SCE and SDG&E were quite clear about how they saw optimal location would be chosen: the utility distribution planners would centrally plan the best locations and tell customers. Exactly HOW they would communicate these choices was vague.

Many asked how project developers and customers might know where to find those optimal locations among the utilities’ data. Jamie Fine of EDF might have had the best analogy. He said he now lives in a house that clearly needs a new paint job, so painters drop flyers on his doorstep and not on his neighbors who’s paint is not peeling. Fine asked, “when will the utilities show us where the paint is peeling in their distribution systems?” His and others’ questions call out for a GIS tool that be publicly viewed, maybe along the view of the ICF tool recently presented.

I can think of a number of issues that will affect choices of optimal locations, many of them outside of what a utility planner might consider. The theme of these choices is that it becomes a decentralized process made up of individual decisions just as we have in the rest of the U.S. market place.

  • Differences in distributed energy resource characteristics, e.g., solar vs. bioenergy;
  • Regional socio-economic characteristics to assess fairness and equity;
  • Amount of stranded investment affected;
  • The activities and energy uses both of the host site, neighboring co-users/generators, and surrounding environs;
  • Differences in valuation of reliability by different customers;
  • Interaction with local government plans such as achieving climate action goals under SB 375.
  • Opportunities for new development compared to retrofitting or replacing existing infrastructure.
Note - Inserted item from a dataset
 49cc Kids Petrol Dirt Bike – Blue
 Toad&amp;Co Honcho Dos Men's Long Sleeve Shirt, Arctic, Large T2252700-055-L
In such a complex world, the utilities won’t be able to make a set of locational decisions across their service territory simply because they won’t be able to comprehend this entire set of decision factors. It’s the unwieldly nature of complex economies that brings down central planning–it’s great in theory, but unworkable in practice. The utilities can only provide a set of parameters that describe a subset of the optimal location decisions. State and local governments will provide another subset. Businesses and developers yet another set and finally customers will likely be the final arbiters if the new electricity market is to thrive.

As a final note, opening up information about the distribution system (which the utilities have jealously guarded for decades) offers an opportunity to better target other programs as well such as energy efficiency and the California Solar Initiative. Why should we waste money on air conditioning upgrades in San Francisco when they are much more needed in Bakersfield? The CPUC has an opportunity to step away from a moribund model in more than distribution planning if it pursues this to its natural conclusion.